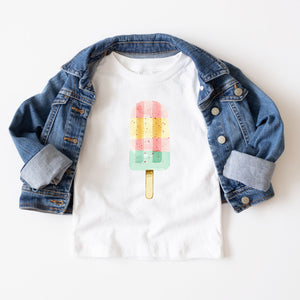 Pastel Popsicle Tee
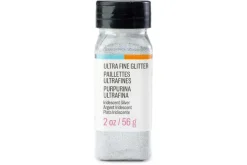 CousinDIY Extra Fine Glitter 2oz-Red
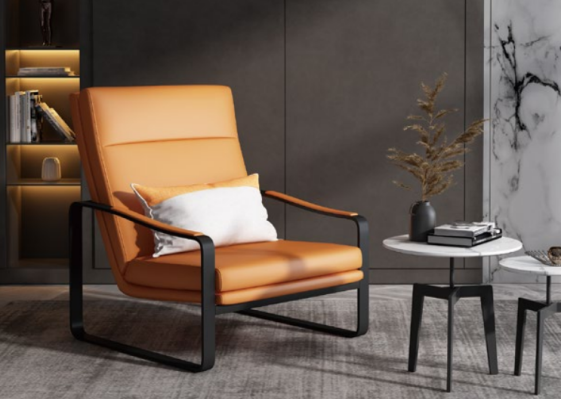 Lounge Sessel Clubsessel Cocktailsessel Lehn Stuhl Relax Lese Luxus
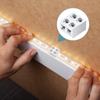 LED Connector LED Strip Connectors Sturdy 8mm User-Friendly LED Connector Versatile LED Strip Light Connectors LED Light Strip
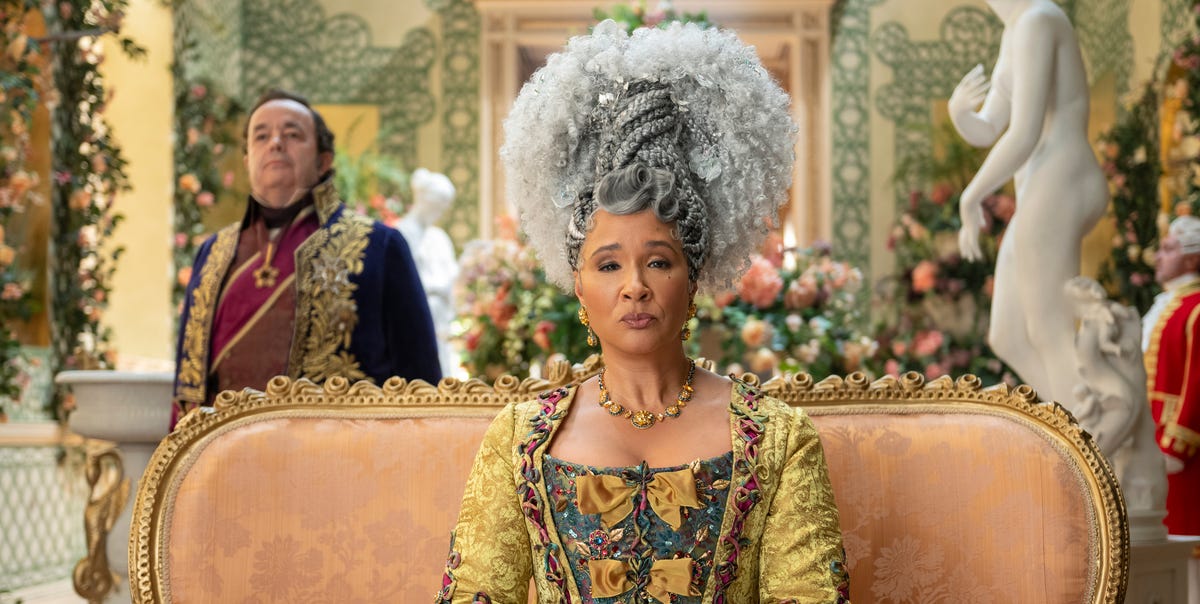 Bridgerton's Queen Charlotte is about to learn a "powerful" lesson in season 4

### Problem statement
Only the lines from the one containing "LED Connector LED" through the last line of the data belong in the copy, both included and reproduced exactly. Pictures do not.

### Worked solution
 LED Connector LED Strip Connectors Sturdy 8mm User-Friendly LED Connector Versatile LED Strip Light Connectors LED Light Strip
 Bridgerton's Queen Charlotte is about to learn a "powerful" lesson in season 4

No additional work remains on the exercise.